▶ Task
Restate the following data in its entirety, word for word and without images.

"""

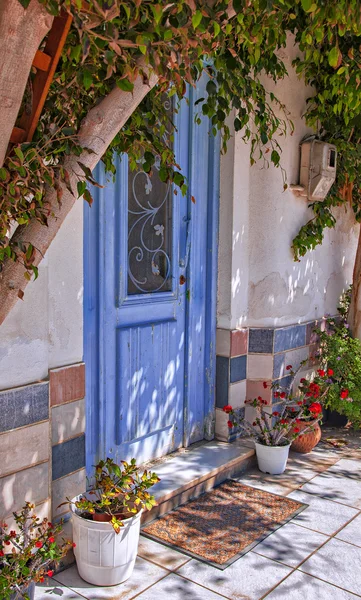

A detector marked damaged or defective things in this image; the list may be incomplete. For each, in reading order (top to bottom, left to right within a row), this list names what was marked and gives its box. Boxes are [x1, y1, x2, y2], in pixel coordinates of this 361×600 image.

cracked plaster wall [0, 200, 83, 390]
cracked plaster wall [217, 36, 358, 328]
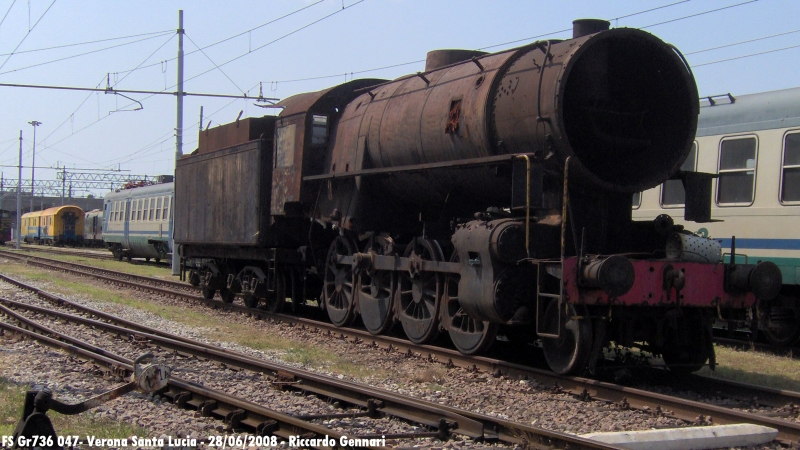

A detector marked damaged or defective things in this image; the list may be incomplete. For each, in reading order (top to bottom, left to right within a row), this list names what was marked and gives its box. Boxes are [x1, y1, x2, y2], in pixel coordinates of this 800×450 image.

rusty steam locomotive [177, 19, 780, 374]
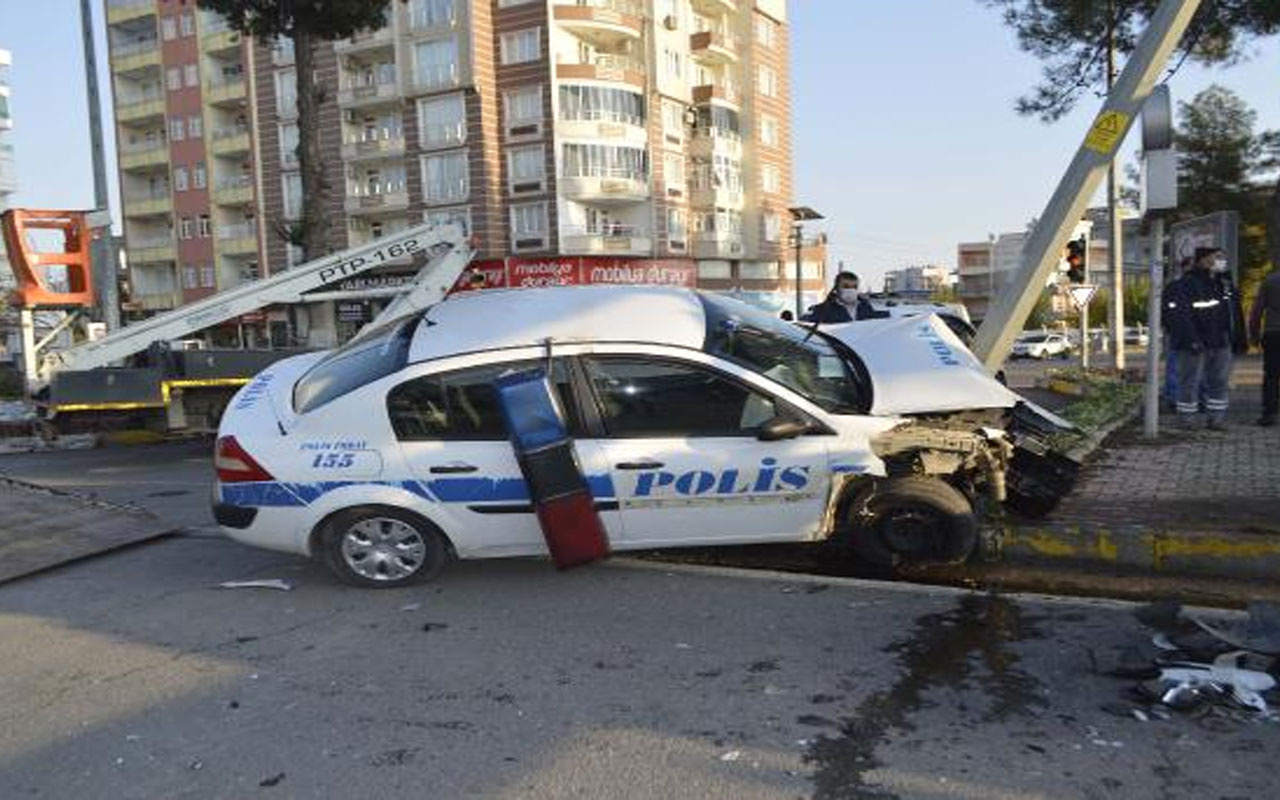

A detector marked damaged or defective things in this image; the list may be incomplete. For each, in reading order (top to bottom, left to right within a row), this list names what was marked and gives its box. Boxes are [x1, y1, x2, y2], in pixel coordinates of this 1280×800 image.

crashed turkish police car [215, 284, 1072, 584]
crumpled car hood [820, 312, 1020, 416]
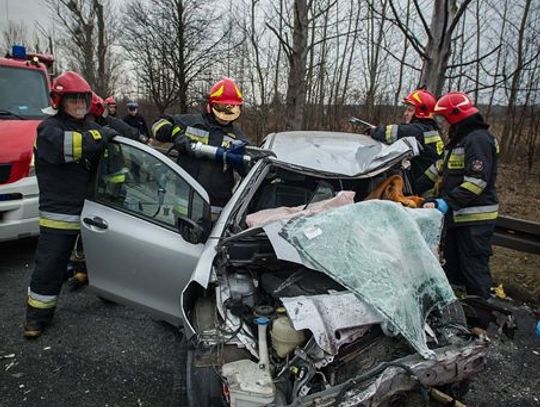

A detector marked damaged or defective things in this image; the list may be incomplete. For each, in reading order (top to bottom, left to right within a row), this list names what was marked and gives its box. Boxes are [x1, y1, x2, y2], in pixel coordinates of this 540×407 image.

crushed car hood [264, 132, 420, 177]
wrecked silver car [82, 132, 488, 406]
torn metal sheet [280, 292, 382, 356]
crushed car hood [262, 202, 456, 358]
shattered windshield glass [280, 202, 458, 358]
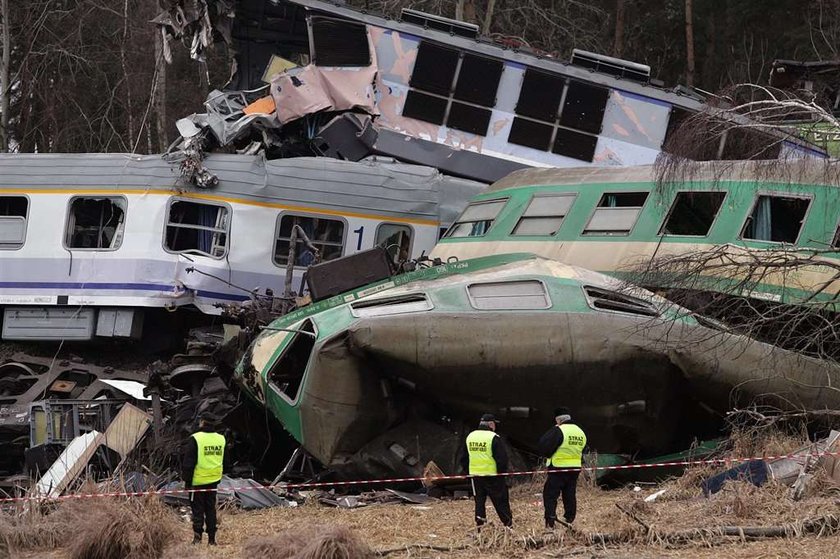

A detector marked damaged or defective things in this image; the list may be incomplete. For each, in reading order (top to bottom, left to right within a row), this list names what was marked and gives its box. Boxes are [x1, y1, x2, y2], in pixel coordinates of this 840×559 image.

broken train window [310, 17, 370, 66]
shattered glass panel [310, 17, 370, 66]
broken train window [404, 41, 502, 137]
broken train window [508, 69, 608, 162]
broken train window [0, 196, 28, 250]
shattered glass panel [0, 197, 28, 249]
broken train window [65, 197, 126, 249]
shattered glass panel [65, 197, 126, 249]
shattered glass panel [164, 201, 228, 258]
broken train window [164, 200, 228, 260]
broken train window [274, 214, 342, 266]
shattered glass panel [274, 214, 342, 266]
broken train window [374, 223, 414, 264]
broken train window [442, 199, 508, 238]
broken train window [512, 192, 576, 236]
broken train window [584, 192, 648, 236]
broken train window [660, 192, 724, 236]
shattered glass panel [660, 192, 724, 236]
broken train window [744, 195, 812, 243]
shattered glass panel [466, 280, 552, 310]
broken train window [466, 280, 552, 310]
broken train window [268, 320, 316, 402]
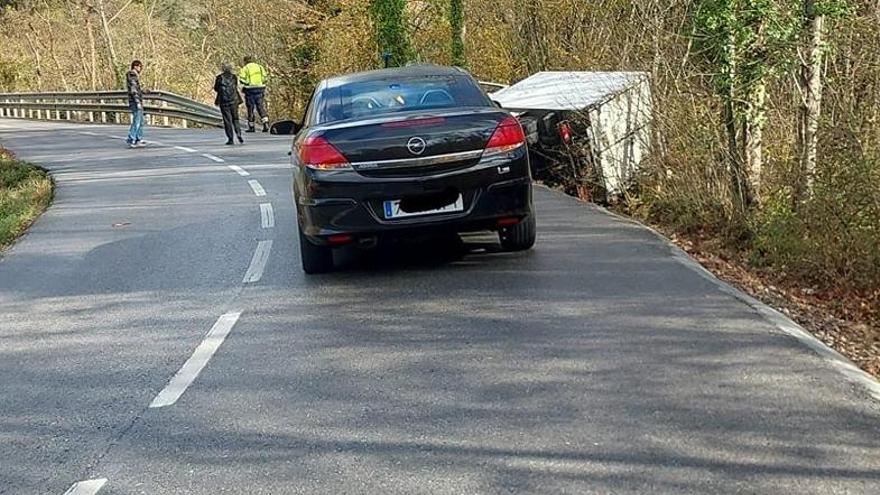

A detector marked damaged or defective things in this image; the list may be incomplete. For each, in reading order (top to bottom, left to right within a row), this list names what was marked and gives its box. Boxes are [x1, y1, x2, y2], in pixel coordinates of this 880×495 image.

crashed white truck [488, 71, 652, 202]
overturned vehicle [488, 71, 652, 203]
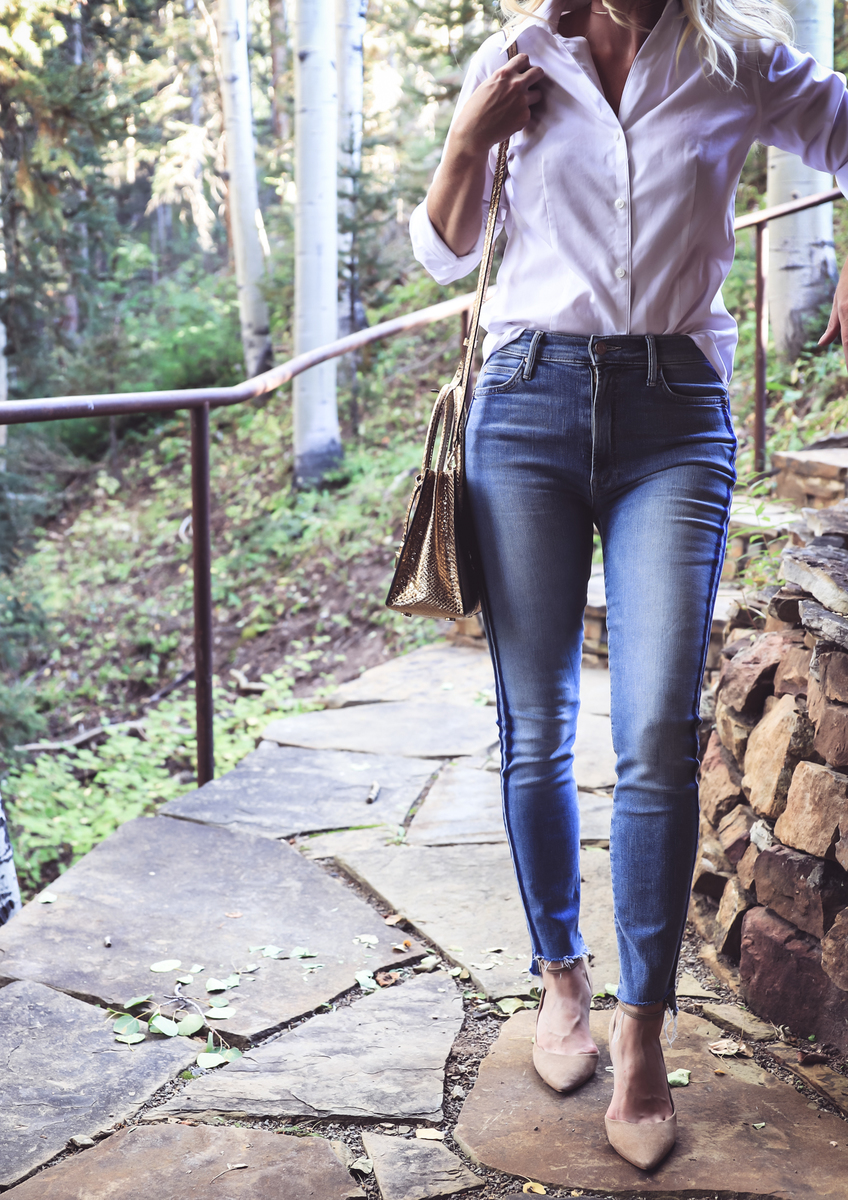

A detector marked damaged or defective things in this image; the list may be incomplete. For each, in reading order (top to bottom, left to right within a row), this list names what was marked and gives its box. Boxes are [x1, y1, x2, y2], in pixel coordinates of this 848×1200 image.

rusted railing post [189, 403, 213, 782]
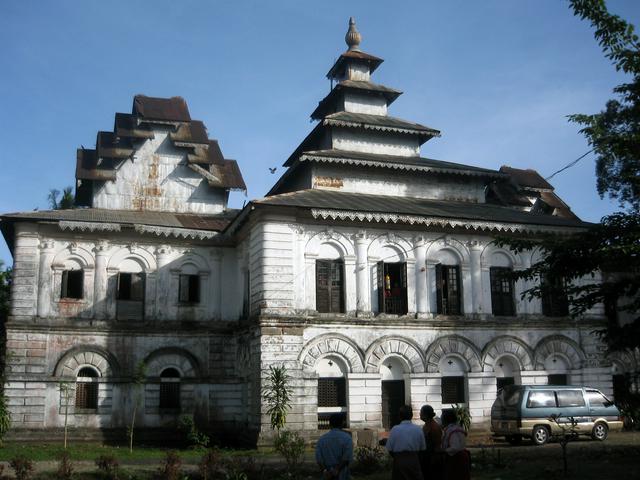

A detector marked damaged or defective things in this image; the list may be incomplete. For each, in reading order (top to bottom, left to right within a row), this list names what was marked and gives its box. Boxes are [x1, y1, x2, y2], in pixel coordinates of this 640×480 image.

rusted roof [328, 49, 382, 78]
rusted roof [131, 94, 189, 122]
rusted roof [312, 80, 402, 120]
rusted roof [500, 166, 556, 190]
rusted roof [0, 209, 240, 233]
rusted roof [252, 189, 588, 229]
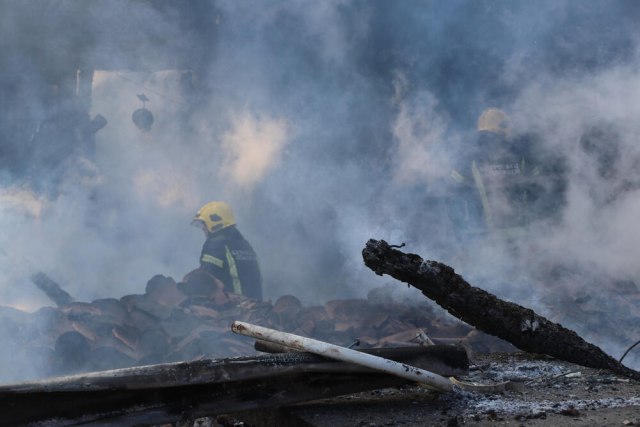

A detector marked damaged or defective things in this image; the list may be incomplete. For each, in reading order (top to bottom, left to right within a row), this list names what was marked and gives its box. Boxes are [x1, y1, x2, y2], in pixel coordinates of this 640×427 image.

charred wooden beam [0, 346, 464, 426]
pile of charred debris [1, 239, 640, 426]
charred wooden beam [362, 239, 636, 382]
cracked charred surface [360, 239, 640, 382]
scorched wood [360, 241, 640, 382]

"""

▶ Reply to the exercise
A detector marked damaged or defective things in this image; the list may be incomplete. For each, in reading order (top to bottom, left to right within a row), this list names what was marked and gives its box. Boxes are [x1, y1, x2, y2], in pixel coordinates of this 361×600 image.

cracked plaster wall [0, 200, 83, 390]
cracked plaster wall [217, 36, 358, 328]

A detector marked damaged or defective things in this image; the list may be incomplete. For each, in reading order (top to bottom, left to right within a row), this list names what was marked and gives its box. Boxes are [x1, y1, x2, y2], in pixel coordinates of this 800×450 image.

rusty steam locomotive [177, 19, 780, 374]

A detector marked damaged or defective things in this image; the list may be incomplete. For each, in reading order (top to bottom, left to right within a row), this list names what was marked and gives its box. Boxes are [x1, y1, x2, y2], in pixel coordinates of this 1280×800 image.

crashed turkish police car [215, 284, 1072, 584]
crumpled car hood [820, 312, 1020, 416]

A detector marked damaged or defective things in this image; the list may be incomplete. For each, in reading order (top to bottom, left to right within a row), this list names what was marked and gives its box. Boxes are [x1, y1, x2, y2], in pixel coordinates of this 540×407 image.

crushed car hood [264, 132, 420, 177]
wrecked silver car [82, 132, 488, 406]
torn metal sheet [280, 292, 382, 356]
crushed car hood [262, 202, 456, 358]
shattered windshield glass [280, 202, 458, 358]

A detector marked damaged or defective things in this image; the list may be incomplete. For each, in reading order (top to bottom, left to right within a row), this list names what was marked and gives its box. Boxes are [x1, y1, x2, y2], in pixel coordinates of this 840×559 image.

broken train window [310, 17, 370, 66]
shattered glass panel [310, 17, 370, 66]
broken train window [404, 41, 502, 137]
broken train window [508, 69, 608, 162]
broken train window [0, 196, 28, 250]
shattered glass panel [0, 197, 28, 249]
broken train window [65, 197, 126, 249]
shattered glass panel [65, 197, 126, 249]
shattered glass panel [164, 201, 228, 258]
broken train window [164, 200, 228, 260]
broken train window [274, 214, 342, 266]
shattered glass panel [274, 214, 342, 266]
broken train window [374, 223, 414, 264]
broken train window [442, 199, 508, 238]
broken train window [512, 192, 576, 236]
broken train window [584, 192, 648, 236]
broken train window [660, 192, 724, 236]
shattered glass panel [660, 192, 724, 236]
broken train window [744, 195, 812, 243]
shattered glass panel [466, 280, 552, 310]
broken train window [466, 280, 552, 310]
broken train window [268, 320, 316, 402]

A detector marked damaged or defective things in this image; the list may be incomplete. For each, in reading order (top to bottom, left to right within a row), this list names what was marked and gives its box. Boxes are [x1, y1, x2, y2], in pixel coordinates of this 880×495 image.

crashed white truck [488, 71, 652, 202]
overturned vehicle [488, 71, 652, 203]

A detector marked damaged or defective things in this image; the list may be incomplete. For each, in reading order (top to bottom, left to right within a row), this list names what was marked and gives its box. Boxes are [x1, y1, x2, y2], in pixel coordinates of this 848×1200 image.

rusted railing post [189, 403, 213, 782]

A detector marked damaged or defective things in this image; the list may be incomplete. For each, in reading order (top to bottom, left to right within a row), this list names what was marked and gives its box. Boxes are [x1, y1, x2, y2], in pixel coordinates of this 640×480 image.

rusted roof [328, 49, 382, 78]
rusted roof [131, 94, 189, 122]
rusted roof [312, 80, 402, 120]
rusted roof [500, 166, 556, 190]
rusted roof [0, 209, 240, 233]
rusted roof [252, 189, 588, 229]

A detector marked damaged or defective things in this image; the list may be incomplete. For each, in reading order (top to bottom, left to right within a row), this list names what was marked and gives its box. Boxes are [x1, y1, x2, y2], in pixel coordinates of this 640×427 image.

charred wooden beam [0, 346, 464, 426]
pile of charred debris [1, 239, 640, 426]
charred wooden beam [362, 239, 636, 382]
cracked charred surface [360, 239, 640, 382]
scorched wood [360, 241, 640, 382]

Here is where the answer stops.